Dan Ziskie: Cloud Chamber
“New York is known for the streams of people on the streets. For me, walking with a camera, it is as if these people are talking to me as they pass, trying to tell me something that I, in my limitations, can only make out in small fragments. And yet, eventually, putting the fragments together, a story emerges. And what is the story? What is it the people are telling me? It is the story of what it is to be alive in New York, now.”—Dan Ziskie
Street photography in 2018 is a challenge — we live in a heads-down, cell phone addicted world, where we push the anxiety and stress of city life into internal spaces. Photographer and American actor Dan Ziskie changes that description with his emotional photographs that use the streets as a stage set to create an exquisite opera of the human condition. His subjects play out personal dramas in photographs that are filled with angst, gesture, and visual confusion creating a form of kinetic theatre performed daily on the streets, all set to the sound track of jackhammers, taxi horns, and the rumbling of subways.
Ziskie writes that within New York’s pulsating street life people’s actions “reflect and bounce off each other … but you sometimes find a sense of privacy. As if you were for a moment alone. And that’s often where I look to take my picture, inside the cloud chamber of New York City.”
Ziskie has a new book of this work, Cloud Chamber, recently published by Damani. This is his first monograph, presenting contemporary color photographs taken in Manhattan between 2013 and 2016. He will be having a book signing at Rizzoli in New York City on Thursday, February 8th, 2018.
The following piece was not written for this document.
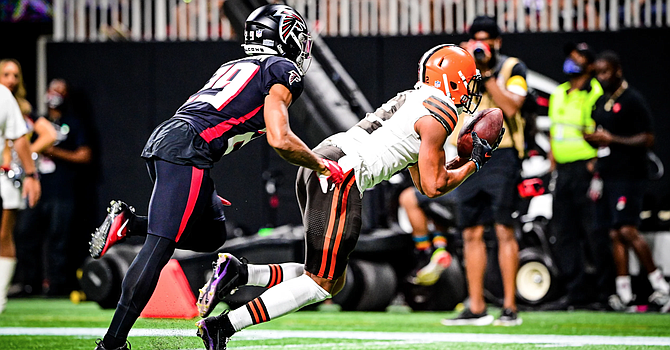 Baker to Hodge 
Matt Starkey / CLEVELAND BROWNS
Dan Ziskie is a Manhattan-based photographer and actor. As an actor, he is best known for his recurring role of Vice President Jim Matthews on House of Cards and the politically connected banker in post-Katrina New Orleans in Treme, among other parts. He began photographing in the early 1970s in Chicago while working for the commercial photographer Curt Burkhart. During this period, he also began to work in improvisational theater and in the off-Broadway and experimental theater scene that was developing at the time.
Dan Ziskie’s series of photographs about Chinatown entitled East of Broadway was the subject of a solo exhibition at the Blue Sky Gallery in Portland, Oregon in 2011, and has been featured in The New York Times. His group shows include Sex/Love at Umbrella Arts, New York (2013), Open Water at the Kiernan Gallery, Lexington, VA. (2013), Street Shots — New York Street Photography Survey, Museum of the City of New York/South Street Seaport, New York City (2012), Visual Proof, Photographic Center Northwest, Seattle, WA (2004), among other venues. His work is also held in the collection of the Portland Art Museum and private collections.
Cloud Chamber
New things, different things, happen only because of what happened just a moment before. Our actions reflect and bounce off each other, sometimes literally, on the streets of New York, leading to the constant evolution of events that would not happen otherwise, or elsewhere. And as you walk amid the jackhammers, the horns and the parades, inside the sense of constant emergency that can seem to exist…you sometimes find the sense of privacy. As if you were for a moment alone. And that’s often where I look as I try to take my pictures, looking inside the cloud chamber of New York City.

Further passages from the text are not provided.